● Record extracts
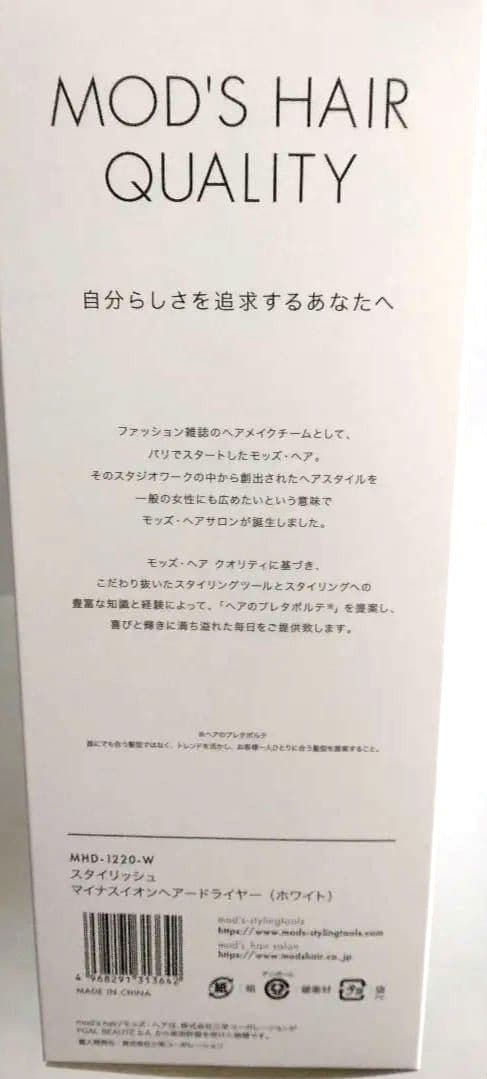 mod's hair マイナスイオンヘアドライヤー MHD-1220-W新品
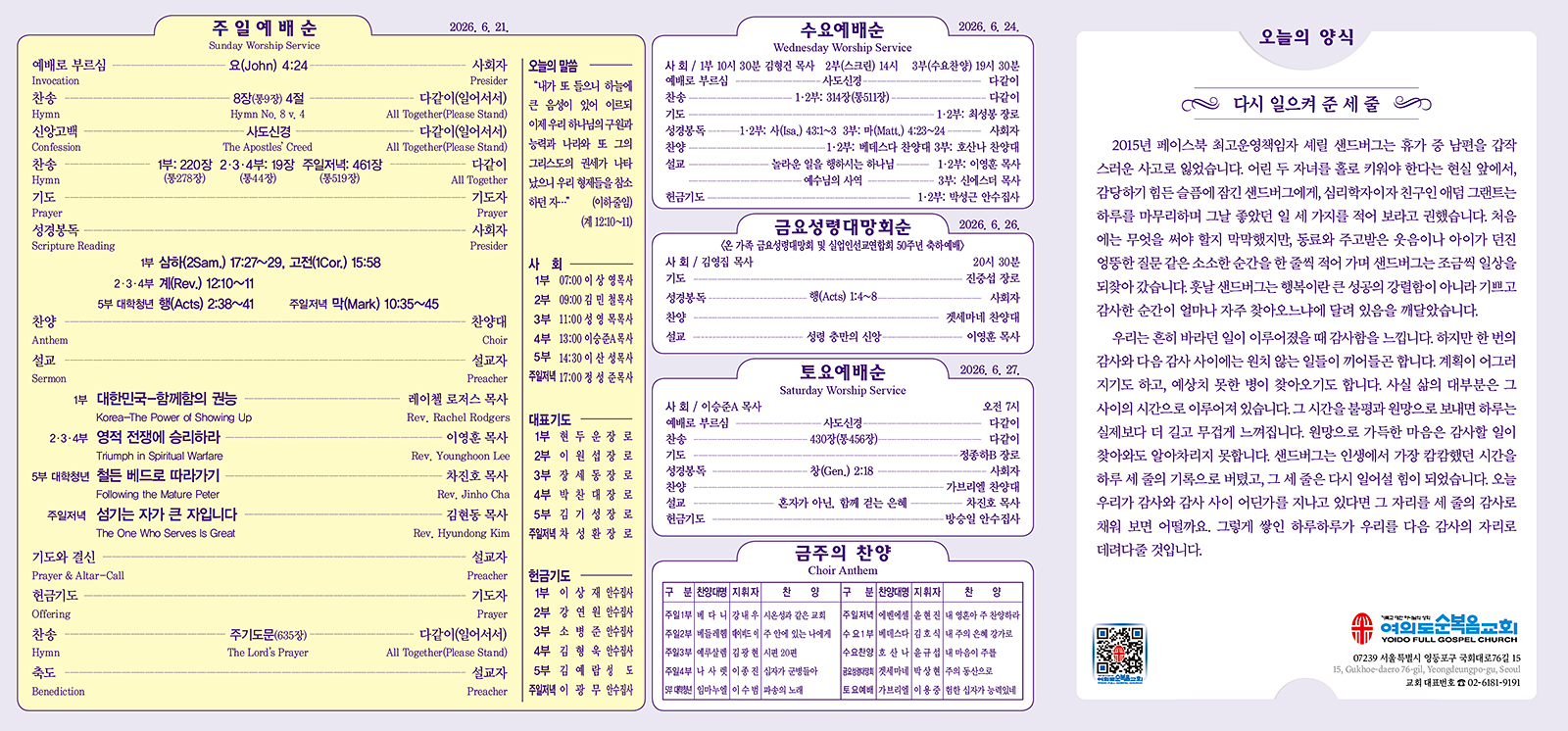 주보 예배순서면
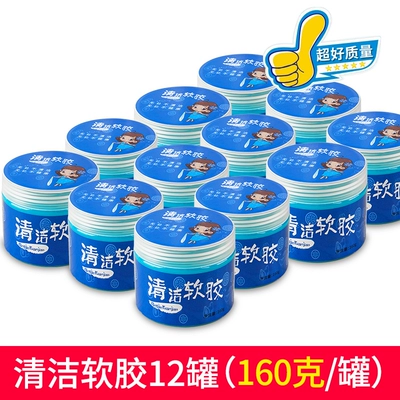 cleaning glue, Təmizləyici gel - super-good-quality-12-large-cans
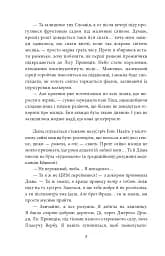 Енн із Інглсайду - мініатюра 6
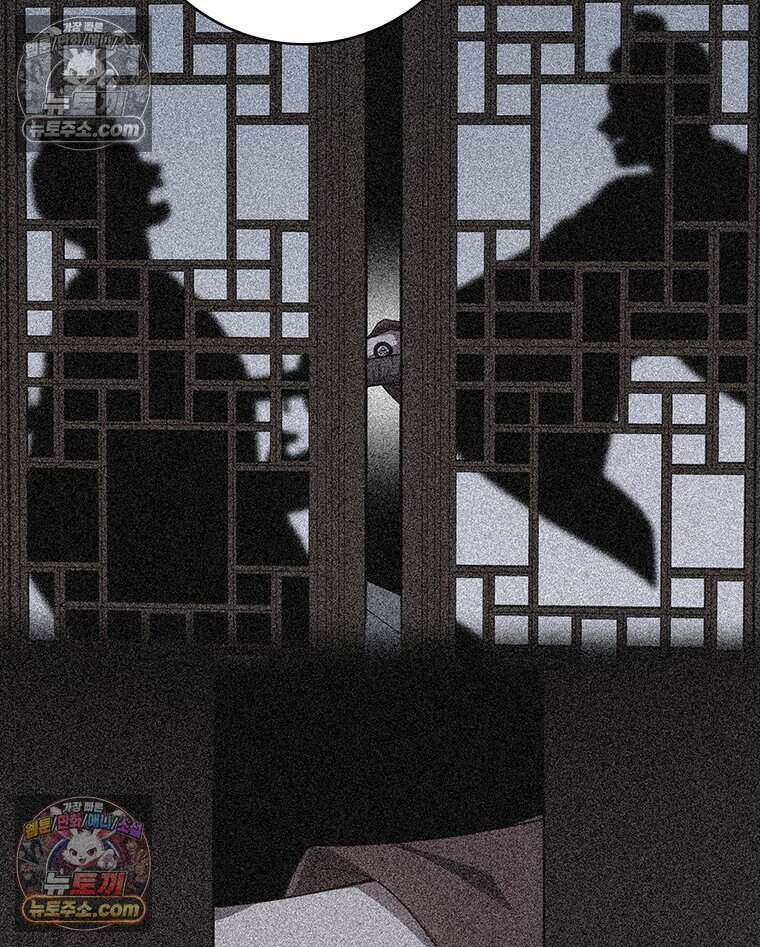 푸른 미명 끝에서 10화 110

● Instructions to follow
From the first line to the last, write out the data above exactly. Omit the pictures.

● Response to the task
 mod's hair マイナスイオンヘアドライヤー MHD-1220-W新品
 주보 예배순서면
 cleaning glue, Təmizləyici gel - super-good-quality-12-large-cans
 Енн із Інглсайду - мініатюра 6
 푸른 미명 끝에서 10화 110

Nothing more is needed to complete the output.